Environmental groups whose lawsuit forced the U.S. Department of Energy to partially redo an environmental review of its Uranium Processing Facility (UPF) on Monday asked the federal judge who ordered the do-over to halt construction of the next-generation weapons-uranium hub.
While she ordered the agency on Sept. 24 to incorporate federal earthquake hazard data into the facility’s environmental documentation, Chief Judge Pamela Reeves, of the U.S. District Court in Eastern Tennessee, did not tell the DOE’s National Nuclear Security Administration (NNSA) to stop building the facility at the Y-12 National Security Complex at Oak Ridge.
Days after the order came down, the NNSA determined subcontractor Bechtel National should continue construction. In the meantime, the agency would work on a court-ordered supplement analysis of the plant, featuring 2014 seismic data from the U.S. Interior Department that didn’t make it into the facility’s federally required environmental impact statement in 2011.
Continuing construction before incorporating the seismic data, the plaintiffs said in a motion to enforce filed Monday, is “inconsistent with the Court’s Opinion and Judgement.”
“NNSA’s apparent disregard for the Court’s ruling left Plaintiffs with no choice but to ask the Court to enforce its judgment,” Nick Lawton, a private attorney representing the environmental groups, said in the statement. “Typically, this type of motion is not necessary, because agencies generally comply with court orders. However, when agencies are intransigent, courts have the authority to enforce their orders, which is appropriate here.”
Reeves had not ruled on the plaintiffs’ motion at deadline Friday for Nuclear Security & Deterrence Monitor.

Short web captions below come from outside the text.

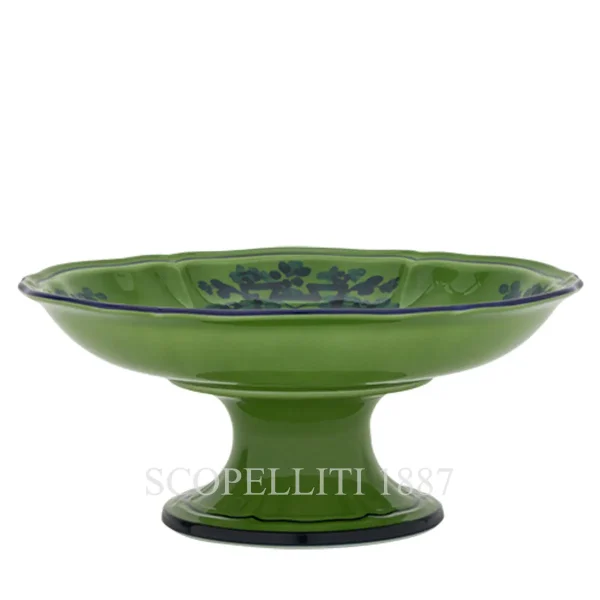 ginori 1735 fruit stand oriente italiano malachite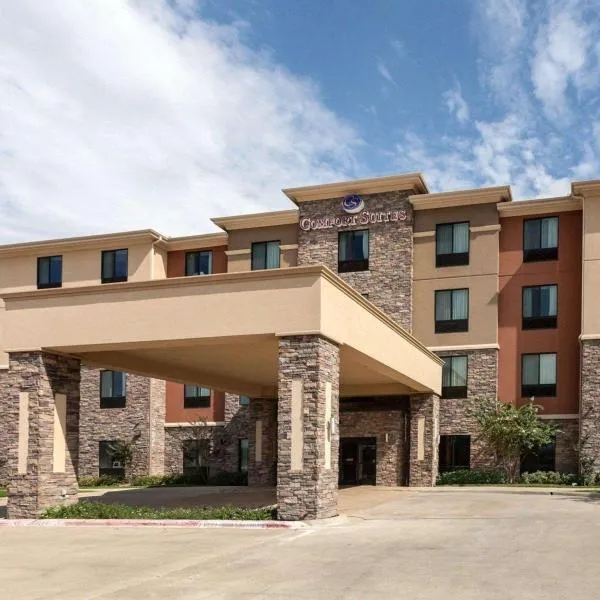 Comfort Suites Greenville, hotel in Hawk Cove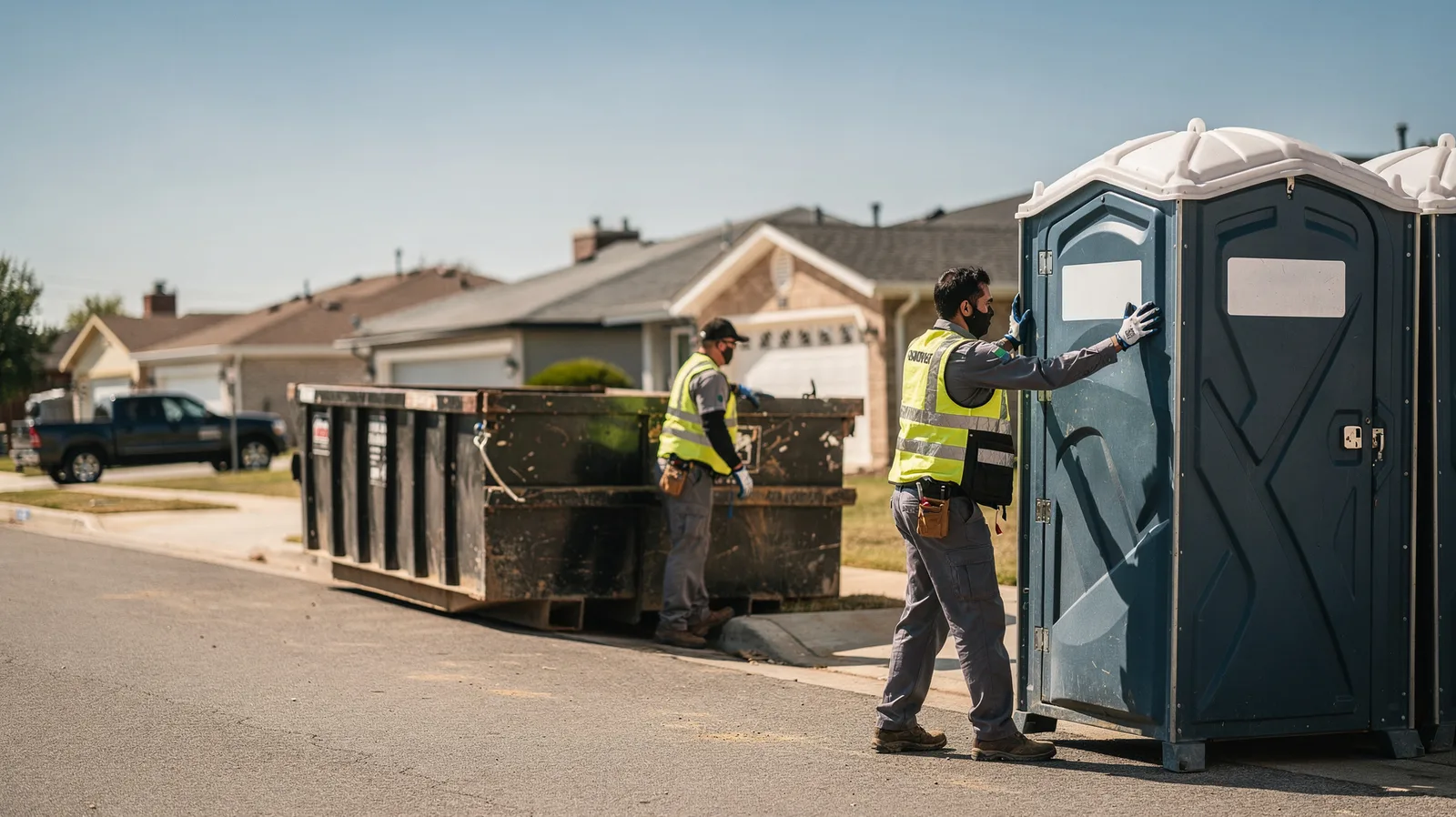 Porta Potty Rental in Towson, MD near me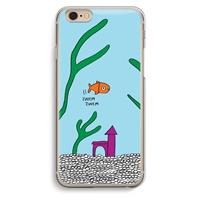 CaseCompany Aquarium: iPhone 6 / 6S Transparant Hoesje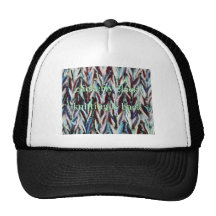 knitting is back trucker hat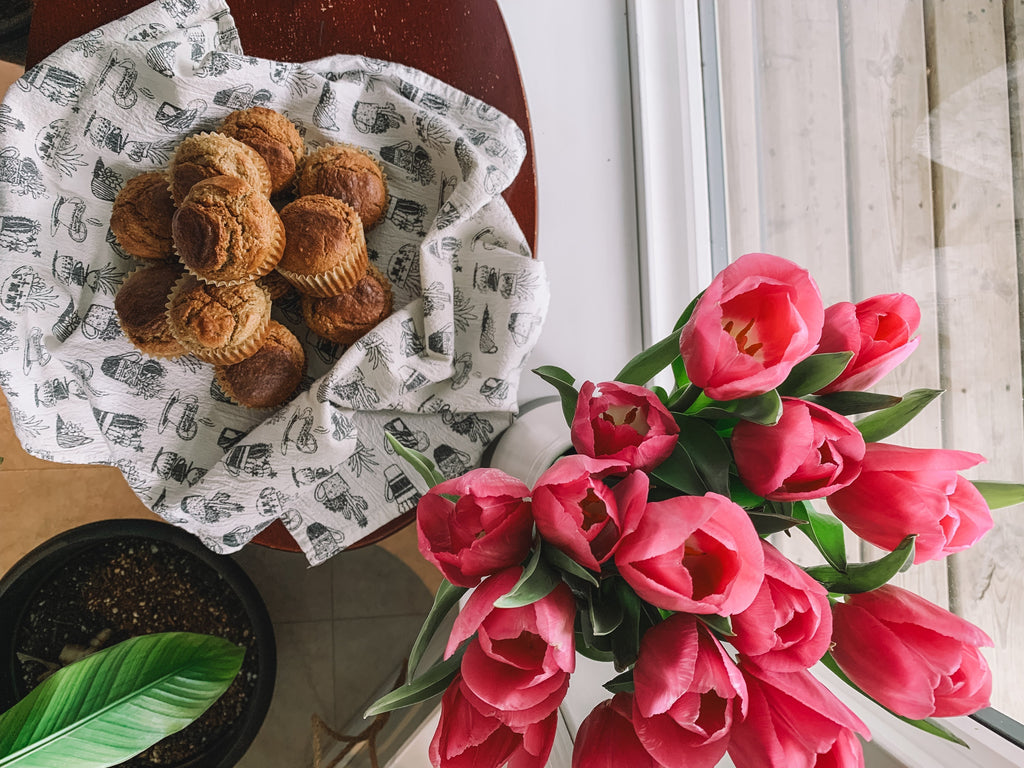 Recipe: Nutty Zucchini Banana Muffins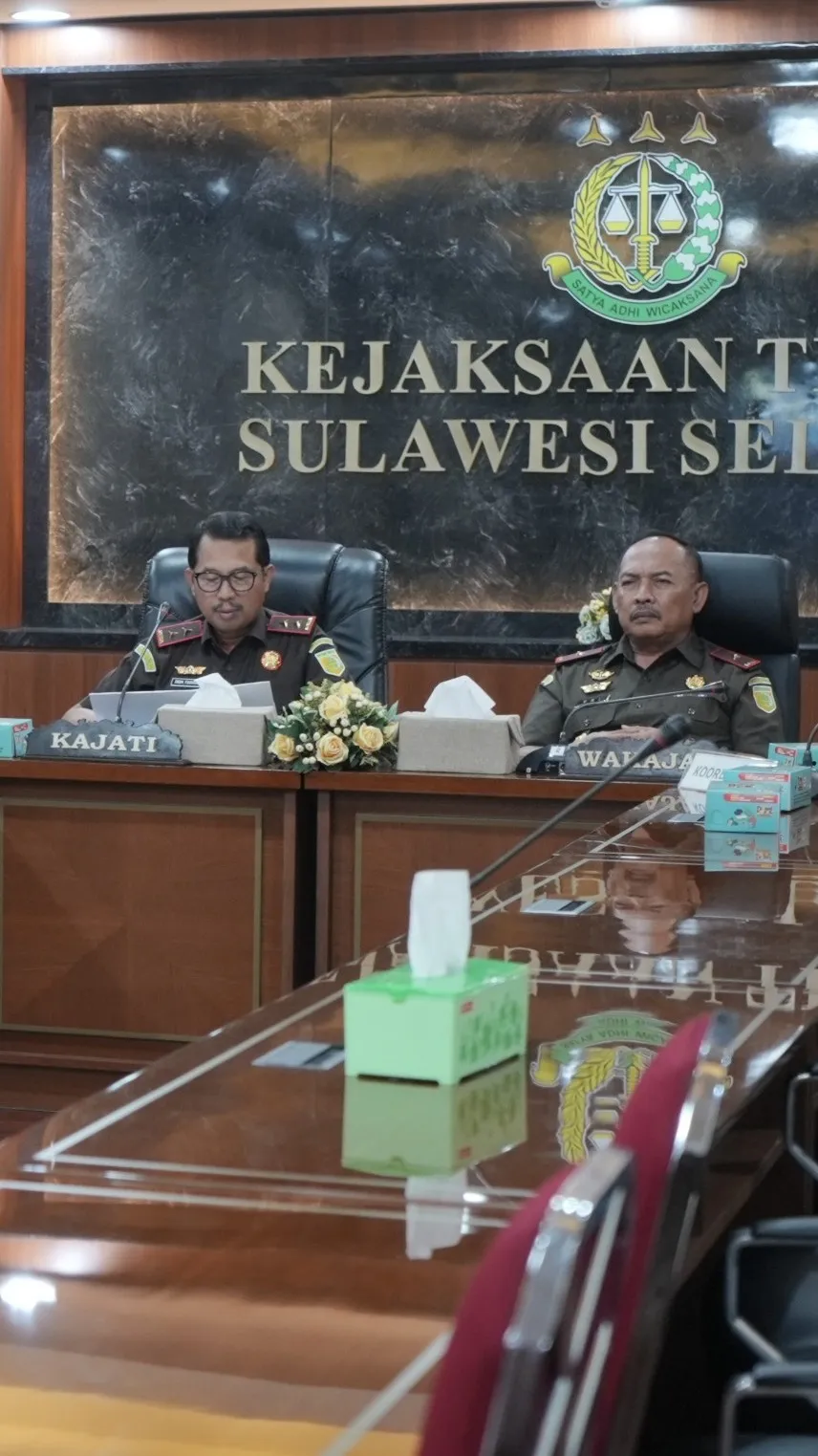 Perkara Penganiayaan Dipicu Cekcok Asmara Berakhir Lewat Restorative Justice Mandiri Kejati Sulsel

The plaintiffs in the lawsuit are the Oak Ridge Environmental Peace Alliance, Nuclear Watch New Mexico, and the Natural Resources Defense Council. The groups sued the NNSA in 2016, asking Reeves to block construction of the UPF and force the NNSA to consider if the sensitive weapons facility might be at greater risk of damage from earthquakes in the seismically active region.
The NNSA said last week it could take “several months” to finish the new UPF supplement analysis. The agency has previously pointed to Reeves’ order, which was silent about whether construction could continue, to justify the federal government’s decision to press on with the facility.
The NNSA has promised to Congress that it will, provided it receives requested funding for the project, complete the plant by December 2025 at a cost of no more than $6.5 billion.
The facility will process uranium into forms suitable for use in the secondary stages of nuclear weapons, and produce the secondaries themselves. Bechtel broke ground on the UPF’s Main Process Building in 2017 as a subcontractor to Y-12 prime Consolidated Nuclear Security, which Bechtel also leads.